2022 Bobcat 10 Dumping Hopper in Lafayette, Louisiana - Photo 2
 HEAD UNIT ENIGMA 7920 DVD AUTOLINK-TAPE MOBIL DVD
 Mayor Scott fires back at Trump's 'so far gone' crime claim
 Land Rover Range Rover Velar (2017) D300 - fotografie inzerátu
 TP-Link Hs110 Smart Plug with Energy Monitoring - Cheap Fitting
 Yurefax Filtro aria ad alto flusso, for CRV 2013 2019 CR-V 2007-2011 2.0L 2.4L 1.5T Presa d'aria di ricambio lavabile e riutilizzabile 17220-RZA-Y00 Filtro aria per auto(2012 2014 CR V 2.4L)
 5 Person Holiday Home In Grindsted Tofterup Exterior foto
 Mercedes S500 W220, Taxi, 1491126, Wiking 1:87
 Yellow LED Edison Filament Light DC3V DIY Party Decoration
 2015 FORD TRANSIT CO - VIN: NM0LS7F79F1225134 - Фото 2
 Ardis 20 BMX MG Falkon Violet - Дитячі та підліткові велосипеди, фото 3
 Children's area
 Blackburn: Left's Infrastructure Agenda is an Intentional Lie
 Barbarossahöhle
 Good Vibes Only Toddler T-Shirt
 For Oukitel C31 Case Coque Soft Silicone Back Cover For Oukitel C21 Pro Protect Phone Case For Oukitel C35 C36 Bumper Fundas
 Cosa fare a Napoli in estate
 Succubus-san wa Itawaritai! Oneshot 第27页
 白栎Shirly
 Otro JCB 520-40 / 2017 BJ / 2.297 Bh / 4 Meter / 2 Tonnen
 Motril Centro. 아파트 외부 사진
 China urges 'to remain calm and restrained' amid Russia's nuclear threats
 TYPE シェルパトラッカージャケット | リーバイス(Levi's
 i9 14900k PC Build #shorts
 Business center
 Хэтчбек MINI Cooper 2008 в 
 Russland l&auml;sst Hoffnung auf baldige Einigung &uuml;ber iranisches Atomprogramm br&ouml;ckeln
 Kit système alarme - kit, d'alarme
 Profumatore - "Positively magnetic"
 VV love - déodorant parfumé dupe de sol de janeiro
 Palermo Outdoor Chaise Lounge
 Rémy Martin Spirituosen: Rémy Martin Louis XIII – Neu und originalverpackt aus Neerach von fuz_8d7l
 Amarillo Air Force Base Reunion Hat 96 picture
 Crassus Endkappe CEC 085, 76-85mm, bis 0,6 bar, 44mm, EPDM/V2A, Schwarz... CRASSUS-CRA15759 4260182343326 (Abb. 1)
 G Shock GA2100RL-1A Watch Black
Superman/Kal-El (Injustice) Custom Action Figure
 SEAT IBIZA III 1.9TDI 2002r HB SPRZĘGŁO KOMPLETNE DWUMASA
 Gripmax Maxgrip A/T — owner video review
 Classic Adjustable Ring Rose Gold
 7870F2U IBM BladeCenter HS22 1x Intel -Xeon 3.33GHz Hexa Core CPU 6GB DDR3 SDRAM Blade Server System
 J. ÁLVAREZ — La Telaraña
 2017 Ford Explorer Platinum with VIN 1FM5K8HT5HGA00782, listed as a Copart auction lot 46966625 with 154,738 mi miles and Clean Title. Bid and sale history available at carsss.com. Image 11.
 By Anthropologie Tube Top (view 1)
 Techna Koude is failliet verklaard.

● **Your objective**
Every line containing the string "with" is required; copy each such line from the data.

● **Answer section**
 TP-Link Hs110 Smart Plug with Energy Monitoring - Cheap Fitting
 2017 Ford Explorer Platinum with VIN 1FM5K8HT5HGA00782, listed as a Copart auction lot 46966625 with 154,738 mi miles and Clean Title. Bid and sale history available at carsss.com. Image 11.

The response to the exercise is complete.